2.1. Activity in Asia Minor

John Choiroboskos however managed to escape and he even made use of same sort of ecclesiastical immunity to stay free. Moreover, instead of lose his courage to his arrest, he went on to organize a new battalion, gathering refugees from Asia Minor. It is clear that he was an unusual individual, combining the temperament of a peasant, of a warrior and an adventurer.

Later, as leader of his troupes, he headed to Asia Minor where he fought against the Ottomans. These conflicts took place mainly in the area around the Scamander River. After its initial success however, Choiroboskos’ battalion disbanded and he himself was imprisoned. For a second time in a short period, he lost his freedom. But it seems that this did not daunt him either.

2.2. Activity in the area of Thessaloniki

About Choiroboskos’ subsequent fortune, Pachymeres offers two versions: according to the first he was murdered, while according to the second, which the Byzantine historian considers more likely, John Choiroboskos managed to escape from captivity and returned to the Balkans.

For a second time he offered his services to the emperor Michael IX, visiting him at his camp. This time the situation was different: the Empire facing the threat of the raids of the Catalan mercenaries who had sided with the Muslims, the emperor accepted Choiroboskos’ offer.

John was honoured with the title of sebastos, which during the late Byzantine period was given to the commanders of foreign mercenaries,5 and in this way he entered into the service of the Byzantine army. With permission from the emperor he assembled a battalion of a thousand men to fight against the Ottomans, and carried out his operations in the area of Thessaloniki.

These events took place around 1307 and definitely not before this date. It appears however that Choiroboskos’ battalion very quickly became a gang which terrorized the outskirts of the second largest Byzantine city.6At this point the traces of John Choiroboskos are lost and Pachymeres provides no more information about him.

1. The family name Matzoukatos is not unknown in late Byzantium. See Prosopographisches Lexikon der Palaiologenzeit, 7 (Wien 1985), no. 17276-17279, p. 148.

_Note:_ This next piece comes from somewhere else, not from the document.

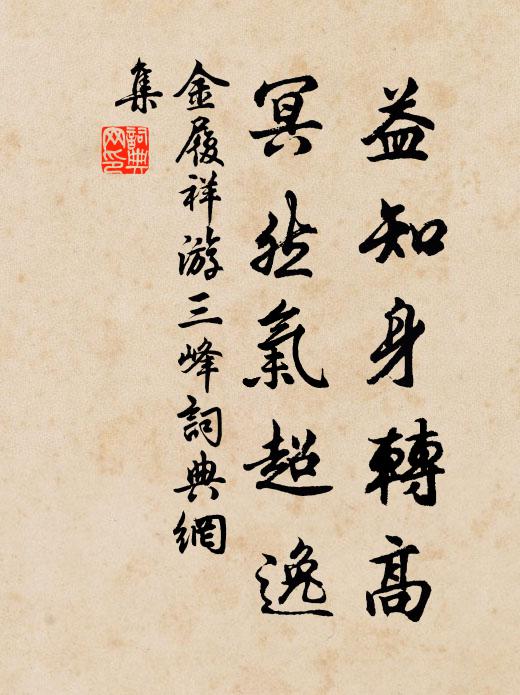 金履祥益知身转高，冥然气超逸书法作品欣赏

2. We know of a Byzantine scholar from the early 9th century by the name of George Choiroboskos, while from the late Byzantine period survives information about a certain foreigner, Drazos Choiroboskos from Macedonia (1320), see Prosopographisches Lexikon der Palaiologenzeit, 7 (Wien 1985), no. 30875, p. 222.

3. During this period Michael IX was in Asia Minor (spring of 1302 – January 1304). See Georges Pachymérès Relations Historiques, A. Failler (ed.), IV (Paris 1999), pp. 484-485, note 55.

4. Божилов И., Българите във Византийската империя (София 1995) [Božilov, I., Bŭlgarite vŭn Vizantijskata imperija, Sofia 1995], no. 449, p. 355.

5. Ahrweiler, H., «Le sébaste chef de groupes ethniques» in Polychronion. Festschrift F. Dölger (Heidelberg 1966), pp. 34-38.

6. Laiou, A., Constantinople and the Latins. The Foreign Policy of Andronicus II, 1282-1328 (Cambridge Mass. 1972), p. 192.